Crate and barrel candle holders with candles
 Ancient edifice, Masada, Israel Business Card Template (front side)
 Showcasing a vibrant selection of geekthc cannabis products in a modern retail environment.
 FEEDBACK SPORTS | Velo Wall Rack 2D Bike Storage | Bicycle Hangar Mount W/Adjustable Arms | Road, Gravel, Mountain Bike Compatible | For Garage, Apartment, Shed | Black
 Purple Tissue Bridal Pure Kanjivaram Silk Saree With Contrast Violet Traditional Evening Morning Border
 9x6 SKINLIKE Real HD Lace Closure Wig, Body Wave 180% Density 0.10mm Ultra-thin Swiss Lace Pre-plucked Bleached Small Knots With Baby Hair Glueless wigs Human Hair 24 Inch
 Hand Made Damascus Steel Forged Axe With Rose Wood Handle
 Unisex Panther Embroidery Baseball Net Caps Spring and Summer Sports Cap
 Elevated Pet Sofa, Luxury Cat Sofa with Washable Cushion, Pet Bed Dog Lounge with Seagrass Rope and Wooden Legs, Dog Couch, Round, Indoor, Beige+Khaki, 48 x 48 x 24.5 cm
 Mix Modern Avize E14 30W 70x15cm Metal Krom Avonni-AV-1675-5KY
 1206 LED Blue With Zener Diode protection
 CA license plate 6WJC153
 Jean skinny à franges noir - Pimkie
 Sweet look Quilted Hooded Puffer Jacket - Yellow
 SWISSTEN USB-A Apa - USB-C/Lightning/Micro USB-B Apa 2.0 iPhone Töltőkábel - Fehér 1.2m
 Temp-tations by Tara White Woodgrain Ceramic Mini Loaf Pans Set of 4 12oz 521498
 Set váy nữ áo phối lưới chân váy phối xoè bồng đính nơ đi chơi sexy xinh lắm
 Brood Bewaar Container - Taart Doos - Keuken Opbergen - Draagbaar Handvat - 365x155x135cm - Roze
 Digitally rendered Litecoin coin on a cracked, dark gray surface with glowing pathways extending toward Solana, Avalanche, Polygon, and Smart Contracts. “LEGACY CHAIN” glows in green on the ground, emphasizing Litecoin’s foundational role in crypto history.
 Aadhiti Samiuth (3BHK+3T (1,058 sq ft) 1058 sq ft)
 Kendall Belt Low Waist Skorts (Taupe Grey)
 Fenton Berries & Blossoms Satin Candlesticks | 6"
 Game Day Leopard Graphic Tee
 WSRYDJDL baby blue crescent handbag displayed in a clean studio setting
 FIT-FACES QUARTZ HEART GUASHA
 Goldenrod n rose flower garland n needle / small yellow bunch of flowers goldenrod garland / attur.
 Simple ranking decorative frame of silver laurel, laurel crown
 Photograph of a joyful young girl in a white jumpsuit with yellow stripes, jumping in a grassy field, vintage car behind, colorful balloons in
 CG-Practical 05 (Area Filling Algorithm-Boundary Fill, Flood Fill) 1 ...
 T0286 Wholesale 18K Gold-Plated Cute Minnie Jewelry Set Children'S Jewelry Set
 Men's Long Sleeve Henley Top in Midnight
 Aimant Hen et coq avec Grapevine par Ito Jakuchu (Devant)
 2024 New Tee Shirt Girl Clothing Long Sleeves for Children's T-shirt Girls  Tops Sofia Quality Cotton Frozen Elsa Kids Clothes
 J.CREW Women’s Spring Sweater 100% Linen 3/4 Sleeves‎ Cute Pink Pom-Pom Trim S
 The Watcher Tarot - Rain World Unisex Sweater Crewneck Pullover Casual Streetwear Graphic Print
----------
§ **YOUR OBJECTIVE**
Each line of the data must be written out exactly as it appears.

§ **COMPLETED TASK**
Crate and barrel candle holders with candles
 Ancient edifice, Masada, Israel Business Card Template (front side)
 Showcasing a vibrant selection of geekthc cannabis products in a modern retail environment.
 FEEDBACK SPORTS | Velo Wall Rack 2D Bike Storage | Bicycle Hangar Mount W/Adjustable Arms | Road, Gravel, Mountain Bike Compatible | For Garage, Apartment, Shed | Black
 Purple Tissue Bridal Pure Kanjivaram Silk Saree With Contrast Violet Traditional Evening Morning Border
 9x6 SKINLIKE Real HD Lace Closure Wig, Body Wave 180% Density 0.10mm Ultra-thin Swiss Lace Pre-plucked Bleached Small Knots With Baby Hair Glueless wigs Human Hair 24 Inch
 Hand Made Damascus Steel Forged Axe With Rose Wood Handle
 Unisex Panther Embroidery Baseball Net Caps Spring and Summer Sports Cap
 Elevated Pet Sofa, Luxury Cat Sofa with Washable Cushion, Pet Bed Dog Lounge with Seagrass Rope and Wooden Legs, Dog Couch, Round, Indoor, Beige+Khaki, 48 x 48 x 24.5 cm
 Mix Modern Avize E14 30W 70x15cm Metal Krom Avonni-AV-1675-5KY
 1206 LED Blue With Zener Diode protection
 CA license plate 6WJC153
 Jean skinny à franges noir - Pimkie
 Sweet look Quilted Hooded Puffer Jacket - Yellow
 SWISSTEN USB-A Apa - USB-C/Lightning/Micro USB-B Apa 2.0 iPhone Töltőkábel - Fehér 1.2m
 Temp-tations by Tara White Woodgrain Ceramic Mini Loaf Pans Set of 4 12oz 521498
 Set váy nữ áo phối lưới chân váy phối xoè bồng đính nơ đi chơi sexy xinh lắm
 Brood Bewaar Container - Taart Doos - Keuken Opbergen - Draagbaar Handvat - 365x155x135cm - Roze
 Digitally rendered Litecoin coin on a cracked, dark gray surface with glowing pathways extending toward Solana, Avalanche, Polygon, and Smart Contracts. “LEGACY CHAIN” glows in green on the ground, emphasizing Litecoin’s foundational role in crypto history.
 Aadhiti Samiuth (3BHK+3T (1,058 sq ft) 1058 sq ft)
 Kendall Belt Low Waist Skorts (Taupe Grey)
 Fenton Berries & Blossoms Satin Candlesticks | 6"
 Game Day Leopard Graphic Tee
 WSRYDJDL baby blue crescent handbag displayed in a clean studio setting
 FIT-FACES QUARTZ HEART GUASHA
 Goldenrod n rose flower garland n needle / small yellow bunch of flowers goldenrod garland / attur.
 Simple ranking decorative frame of silver laurel, laurel crown
 Photograph of a joyful young girl in a white jumpsuit with yellow stripes, jumping in a grassy field, vintage car behind, colorful balloons in
 CG-Practical 05 (Area Filling Algorithm-Boundary Fill, Flood Fill) 1 ...
 T0286 Wholesale 18K Gold-Plated Cute Minnie Jewelry Set Children'S Jewelry Set
 Men's Long Sleeve Henley Top in Midnight
 Aimant Hen et coq avec Grapevine par Ito Jakuchu (Devant)
 2024 New Tee Shirt Girl Clothing Long Sleeves for Children's T-shirt Girls  Tops Sofia Quality Cotton Frozen Elsa Kids Clothes
 J.CREW Women’s Spring Sweater 100% Linen 3/4 Sleeves‎ Cute Pink Pom-Pom Trim S
 The Watcher Tarot - Rain World Unisex Sweater Crewneck Pullover Casual Streetwear Graphic Print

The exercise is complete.